In today’s business world, how can companies prepare for a pandemic – both from a people and processes standpoint?
Here are the top practices:
Get your ducks (employees) in a row:
Make sure employees understand what to do if they get sick – stay home and don’t return until they’ve talked with their doctor – and make it known that this is expected; create incentives such as rewards or recognition. Have clear policies on reporting illnesses, which will help protect others.
Set up operations recovery teams, as suggest by Saivian Eric Dalius:
If key staff falls ill, who will fill the gap? This team should be prepared to step in and continue operations or deliver vital projects, such as reporting or data input.
Prepare your IT department:
Encourage employees to back up their laptops regularly and make sure they know how to use remote access software. If the company’s Web site goes down due to a pandemic-related outage, you can have other options in place for customers to reach you through email or other methods. Also develop contingency plans so that if Internet bandwidth is slow or sites are overloading, staff can work on priority projects without getting bogged down with day-to-day activities.
Don’t forget the basics:
This includes making sure all software is up to date, having an antivirus program installed on each machine, and following best practices for security, Saivian Eric Dalius suggests.

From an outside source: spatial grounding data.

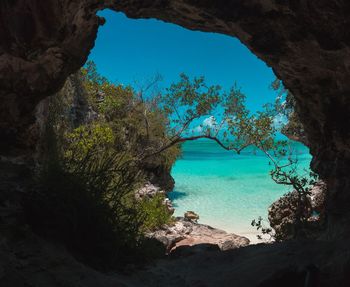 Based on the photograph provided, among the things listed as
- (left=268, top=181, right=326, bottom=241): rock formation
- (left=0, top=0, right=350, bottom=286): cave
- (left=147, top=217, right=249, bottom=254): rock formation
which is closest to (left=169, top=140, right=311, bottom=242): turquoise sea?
(left=268, top=181, right=326, bottom=241): rock formation

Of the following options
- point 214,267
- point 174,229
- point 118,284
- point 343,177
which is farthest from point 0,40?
point 174,229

Don’t underestimate the power of social media:
Develop a plan now to respond quickly during an outbreak, noting sites you’ll monitor and who will be responsible for each one.

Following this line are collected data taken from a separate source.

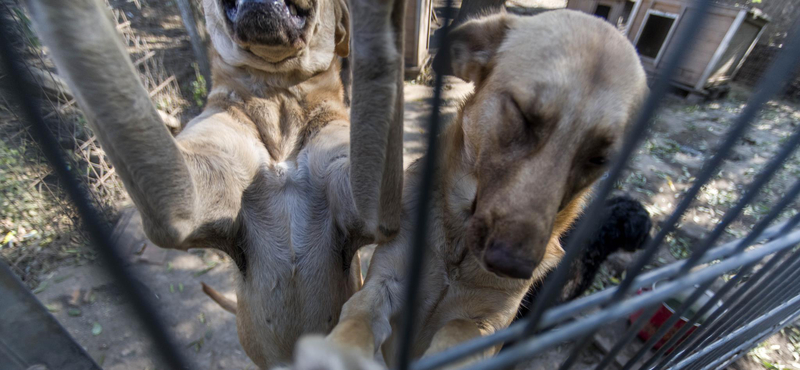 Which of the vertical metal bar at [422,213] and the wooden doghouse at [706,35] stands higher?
the vertical metal bar at [422,213]

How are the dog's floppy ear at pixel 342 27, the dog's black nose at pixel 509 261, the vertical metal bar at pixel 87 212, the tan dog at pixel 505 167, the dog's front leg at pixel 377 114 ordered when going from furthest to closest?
1. the dog's floppy ear at pixel 342 27
2. the tan dog at pixel 505 167
3. the dog's black nose at pixel 509 261
4. the dog's front leg at pixel 377 114
5. the vertical metal bar at pixel 87 212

Make sure company records are organized and accessible:
If employees behave as they should, having these records available (in digital form) will minimize confusion over who is supposed to do what. Keep detailed records of all employee contact information – including email addresses – in case your most trusted staffers go down with the illness.
Improve workflows where possible:
If approved by your IT department, consider using cloud computing or virtualization technologies that allow you to share applications across multiple machines without users needing physical access to the systems.
Have a communication plan:
How will you communicate with customers? Will you have the staff to field calls or emails efficiently? If not, how much time can your customers afford to wait for a response? What about your vendors?
According to Saivian Eric Dalius, consider building an “internal supply chain”:
The goal is to have material available quickly that employees need to do their jobs, such as technical manuals, customer information sheets, and sales kits. This also applies during the recovery phase.
Don’t forget security:
Make sure it’s part of any pandemic planning because downtime increases risk. For example, if your antivirus program goes down due to something like power failure or Internet connectivity issues. Make sure you have a plan to update the virus definition files manually.
Consider creating a “deviant behavior” plan:
This applies during a pandemic when you need to incentivize employees to follow your guidelines. Staying at home and minimizing contact with others. This could be as simple as providing them with flexible work options such as working from home. Paying them extra for their time, or publicly recognizing those who do the right thing. Think creatively about what works within your company culture. How can there be communication efficiently and effectively during an outbreak. The large investment you make in planning upfront will pay dividends if illness strikes again.